息の長い映画監督は、その年齢によって境地というものが変化し、表現に影響する。
あれほどの活劇をつくった黒澤明が「乱」('85)で彼岸の境地へと至ったように。
北野武という説明を嫌ってショットにこだわり、オーヴァーアクトを排除することで才を放った監督が、縷縷と説明を披露し歌舞伎か香港アクションかというオーヴァーアクトを嬉々として展開させる。
ただ信長、光秀、秀吉、家康という「日本人の大好物」に手を染めるに当たっては、ロマンチシズムを徹底して排除した。死へのロマンを美学的に描く切腹を嘲り、忠君は衆道のカムフラージュではないかと提示する。
誰も信じられる人間などいないのは「アウトレイジ」シリーズの延長で、北野武のニヒリズムというよりどこかこの人の本質的な表現における核心なのだろう。
毛利元就につく僧侶(六平直政)が「仁義なき戦い 頂上作戦」('74)の小林旭が吠えた台詞と同じことを言う。そうか、「仁義なき戦い」こそはヤクザの仁義のロマンチシズムを破壊した先鞭だった。ヤクザの跡目争いは戦国時代とそう変わらなかったという考察、そしてそれは原日本人的なヒエラルキーの固定であり、現代の政治も社会も変わらないという事。
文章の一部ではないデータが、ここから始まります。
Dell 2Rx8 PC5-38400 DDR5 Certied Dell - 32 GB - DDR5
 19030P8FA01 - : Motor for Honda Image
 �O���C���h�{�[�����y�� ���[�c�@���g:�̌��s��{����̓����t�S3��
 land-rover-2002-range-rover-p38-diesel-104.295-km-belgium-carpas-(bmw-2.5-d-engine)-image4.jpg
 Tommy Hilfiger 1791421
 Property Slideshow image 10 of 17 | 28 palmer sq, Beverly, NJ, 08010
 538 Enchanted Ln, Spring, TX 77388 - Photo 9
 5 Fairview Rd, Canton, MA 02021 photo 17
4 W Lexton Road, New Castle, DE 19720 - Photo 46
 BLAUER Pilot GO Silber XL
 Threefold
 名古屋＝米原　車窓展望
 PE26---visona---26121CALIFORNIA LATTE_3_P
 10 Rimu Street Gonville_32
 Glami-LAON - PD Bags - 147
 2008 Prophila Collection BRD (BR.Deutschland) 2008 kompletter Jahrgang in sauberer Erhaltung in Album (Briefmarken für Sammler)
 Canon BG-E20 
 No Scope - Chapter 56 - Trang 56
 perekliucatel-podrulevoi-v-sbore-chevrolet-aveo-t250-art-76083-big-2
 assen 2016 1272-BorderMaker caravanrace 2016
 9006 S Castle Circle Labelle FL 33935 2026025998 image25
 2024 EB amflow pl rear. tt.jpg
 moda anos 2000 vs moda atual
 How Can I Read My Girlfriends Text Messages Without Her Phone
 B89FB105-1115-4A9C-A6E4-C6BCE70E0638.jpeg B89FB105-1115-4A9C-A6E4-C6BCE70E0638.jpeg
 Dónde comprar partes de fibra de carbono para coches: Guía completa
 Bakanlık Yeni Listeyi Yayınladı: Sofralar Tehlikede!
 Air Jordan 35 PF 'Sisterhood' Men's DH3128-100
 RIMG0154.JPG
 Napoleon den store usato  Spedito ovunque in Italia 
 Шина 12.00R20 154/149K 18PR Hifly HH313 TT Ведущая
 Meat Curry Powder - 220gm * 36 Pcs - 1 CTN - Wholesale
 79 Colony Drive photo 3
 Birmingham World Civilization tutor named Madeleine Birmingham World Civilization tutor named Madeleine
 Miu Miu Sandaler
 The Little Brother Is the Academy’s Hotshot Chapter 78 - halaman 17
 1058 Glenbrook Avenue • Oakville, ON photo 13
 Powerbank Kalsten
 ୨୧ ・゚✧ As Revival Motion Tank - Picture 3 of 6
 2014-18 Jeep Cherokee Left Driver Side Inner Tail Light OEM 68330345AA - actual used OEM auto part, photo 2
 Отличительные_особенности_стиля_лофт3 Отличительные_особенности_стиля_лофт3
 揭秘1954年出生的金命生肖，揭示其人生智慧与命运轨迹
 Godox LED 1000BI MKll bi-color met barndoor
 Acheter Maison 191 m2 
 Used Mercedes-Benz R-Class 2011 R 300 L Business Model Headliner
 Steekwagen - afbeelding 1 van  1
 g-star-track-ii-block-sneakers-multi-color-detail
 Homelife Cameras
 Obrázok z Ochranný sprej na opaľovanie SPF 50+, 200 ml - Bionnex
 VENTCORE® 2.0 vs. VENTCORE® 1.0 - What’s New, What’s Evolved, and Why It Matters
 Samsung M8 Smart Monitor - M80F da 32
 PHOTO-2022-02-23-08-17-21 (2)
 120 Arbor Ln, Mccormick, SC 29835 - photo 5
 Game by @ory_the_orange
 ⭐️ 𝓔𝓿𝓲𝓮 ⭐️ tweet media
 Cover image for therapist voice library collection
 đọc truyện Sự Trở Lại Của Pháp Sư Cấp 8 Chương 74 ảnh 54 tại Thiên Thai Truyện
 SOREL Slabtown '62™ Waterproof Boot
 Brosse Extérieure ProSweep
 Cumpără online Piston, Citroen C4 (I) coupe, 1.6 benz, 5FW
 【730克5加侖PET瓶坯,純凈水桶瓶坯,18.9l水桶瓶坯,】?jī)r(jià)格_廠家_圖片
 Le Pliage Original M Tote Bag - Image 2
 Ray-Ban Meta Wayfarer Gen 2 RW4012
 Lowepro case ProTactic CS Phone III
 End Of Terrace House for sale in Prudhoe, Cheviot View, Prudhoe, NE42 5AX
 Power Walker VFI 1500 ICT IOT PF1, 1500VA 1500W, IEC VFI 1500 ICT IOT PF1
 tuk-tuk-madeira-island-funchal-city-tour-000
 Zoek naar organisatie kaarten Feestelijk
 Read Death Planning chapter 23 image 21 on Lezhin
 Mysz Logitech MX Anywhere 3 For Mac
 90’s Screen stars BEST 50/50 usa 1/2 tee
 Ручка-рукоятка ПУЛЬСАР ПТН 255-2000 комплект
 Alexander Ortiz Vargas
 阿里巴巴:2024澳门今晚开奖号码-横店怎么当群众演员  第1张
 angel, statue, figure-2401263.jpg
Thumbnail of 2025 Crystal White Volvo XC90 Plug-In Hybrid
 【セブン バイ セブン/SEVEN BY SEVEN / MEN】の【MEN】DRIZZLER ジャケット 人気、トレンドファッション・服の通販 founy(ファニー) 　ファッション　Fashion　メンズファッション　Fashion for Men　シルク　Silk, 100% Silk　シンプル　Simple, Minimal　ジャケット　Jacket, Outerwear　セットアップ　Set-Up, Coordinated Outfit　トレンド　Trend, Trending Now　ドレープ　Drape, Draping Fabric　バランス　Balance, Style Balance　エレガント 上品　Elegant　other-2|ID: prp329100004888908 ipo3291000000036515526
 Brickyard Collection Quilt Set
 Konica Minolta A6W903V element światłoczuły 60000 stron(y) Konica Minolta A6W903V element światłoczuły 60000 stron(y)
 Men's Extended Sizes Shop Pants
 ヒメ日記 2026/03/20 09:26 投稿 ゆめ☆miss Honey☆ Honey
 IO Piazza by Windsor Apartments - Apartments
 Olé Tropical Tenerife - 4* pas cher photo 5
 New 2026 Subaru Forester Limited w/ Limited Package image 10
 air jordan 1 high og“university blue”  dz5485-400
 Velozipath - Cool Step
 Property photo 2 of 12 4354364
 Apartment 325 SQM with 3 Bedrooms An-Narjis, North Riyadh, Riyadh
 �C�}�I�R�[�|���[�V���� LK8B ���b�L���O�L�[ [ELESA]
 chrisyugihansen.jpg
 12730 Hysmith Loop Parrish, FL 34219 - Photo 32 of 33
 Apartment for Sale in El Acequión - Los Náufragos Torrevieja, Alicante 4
現に「クビが飛ぶ」と言う言葉は未だしばしば使われるではないか。
音楽と撮影のスタッフが従来の北野作品から代わっている。撮影担当だった浜田毅氏と先日呑む機会があって、本作の技法について色々伺った。特に騎馬合戦の撮影については腐心したそうだ。
↓これに詳しいレポートが載っている
可笑しな事を言って笑わせるのに弓術に長けていると言うのはビートたけしの分身か。
蜂須賀小六役で頑張っていた仁科貴からは本作の公開が危ぶまれた時期があった事をきいていたので、何はともあれ公開されてお客が入っているのは良いことだ。
夥しい数の死体が転がるも湿っぽさは微塵もない。悲劇と喜劇は表裏一体、か。